[Opening EXTRACTED ENTRIES section]
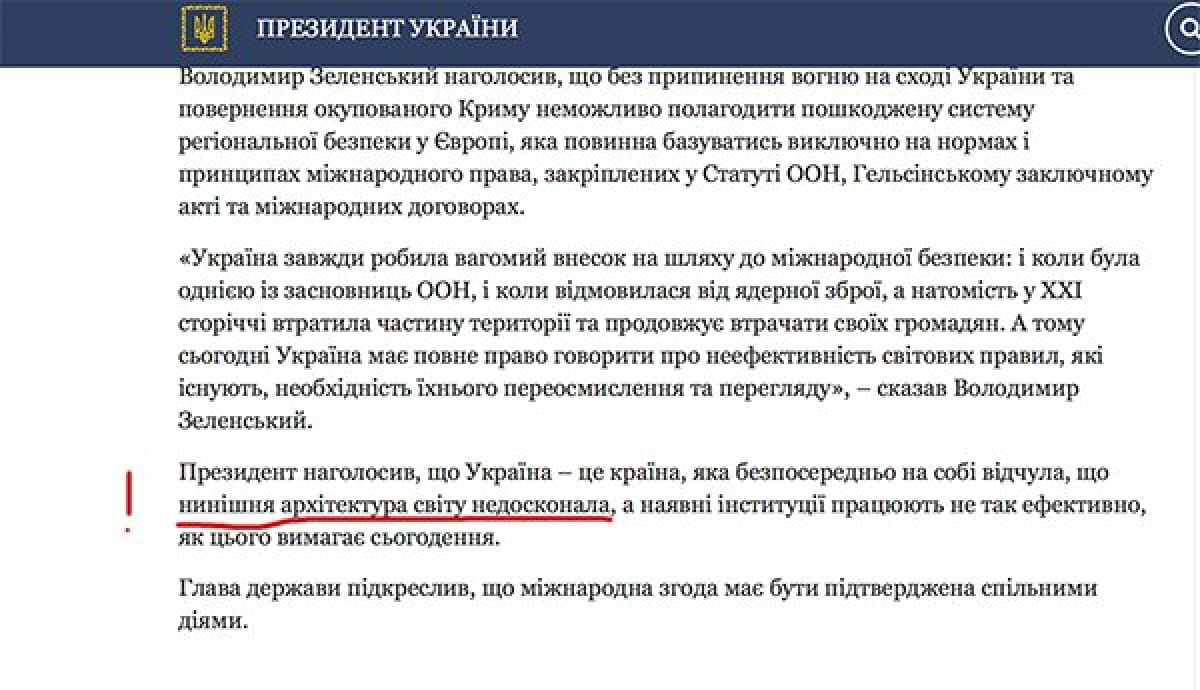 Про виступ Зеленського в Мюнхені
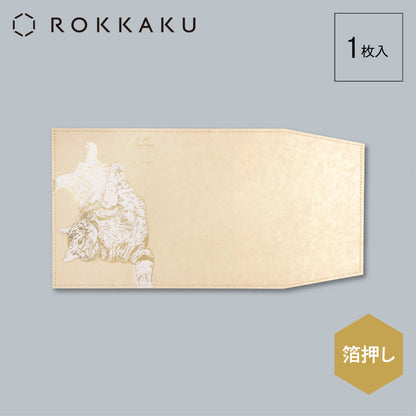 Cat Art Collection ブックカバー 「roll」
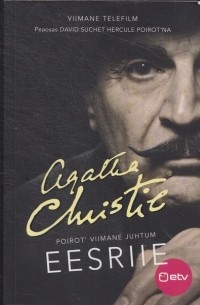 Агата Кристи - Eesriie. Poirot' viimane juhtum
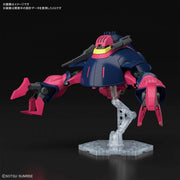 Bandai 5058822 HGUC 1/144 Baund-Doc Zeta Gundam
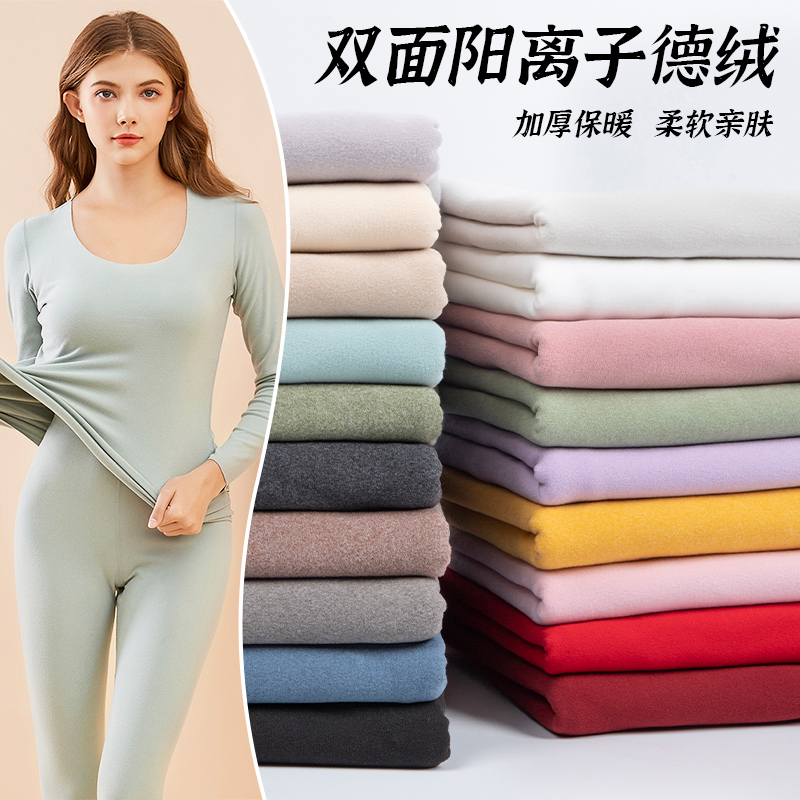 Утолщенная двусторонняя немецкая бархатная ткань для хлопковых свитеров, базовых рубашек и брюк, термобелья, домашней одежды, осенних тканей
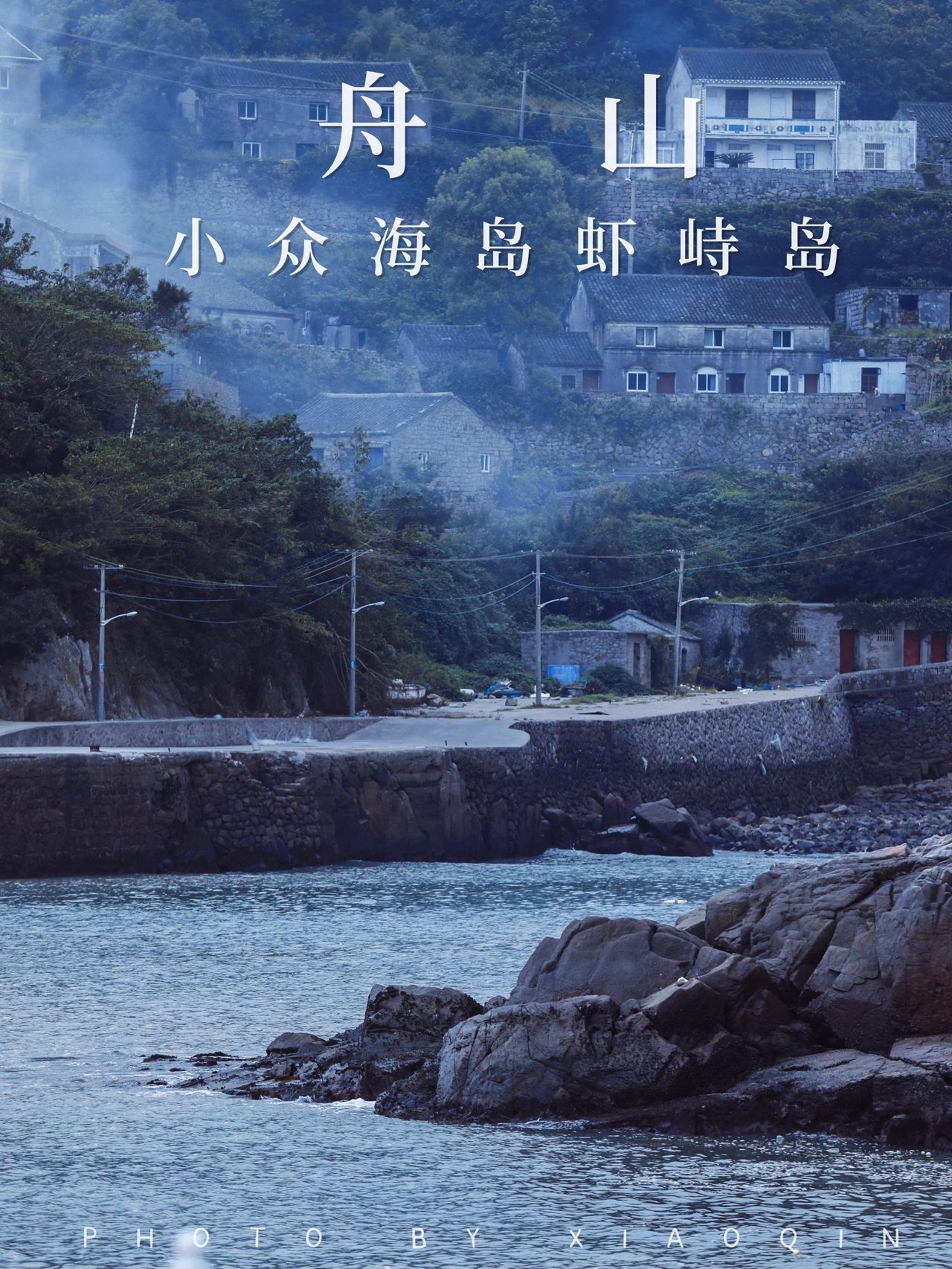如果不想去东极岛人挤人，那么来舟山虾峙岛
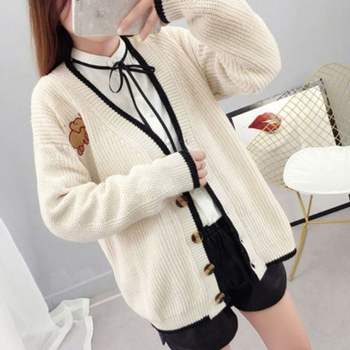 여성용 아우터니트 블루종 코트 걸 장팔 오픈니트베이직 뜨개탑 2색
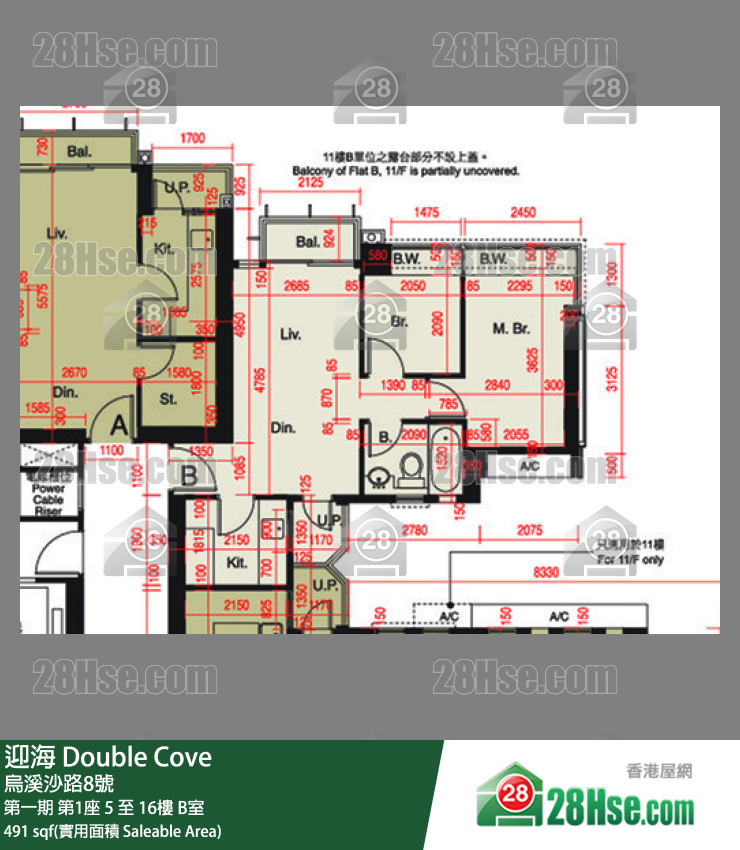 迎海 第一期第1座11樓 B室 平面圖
[Closing EXTRACTED ENTRIES section]
__DESCRIPTION OF THE TASK__.
An answer containing only the lines from the one holding "Cat Art Collection ブックカバー 「roll」" through the close of the entries above, reproduced exactly and stripped of pictures, is expected.

__ANSWER AREA__.
 Cat Art Collection ブックカバー 「roll」
 Агата Кристи - Eesriie. Poirot' viimane juhtum
 Bandai 5058822 HGUC 1/144 Baund-Doc Zeta Gundam
 Утолщенная двусторонняя немецкая бархатная ткань для хлопковых свитеров, базовых рубашек и брюк, термобелья, домашней одежды, осенних тканей
如果不想去东极岛人挤人，那么来舟山虾峙岛
 여성용 아우터니트 블루종 코트 걸 장팔 오픈니트베이직 뜨개탑 2색
 迎海 第一期第1座11樓 B室 平面圖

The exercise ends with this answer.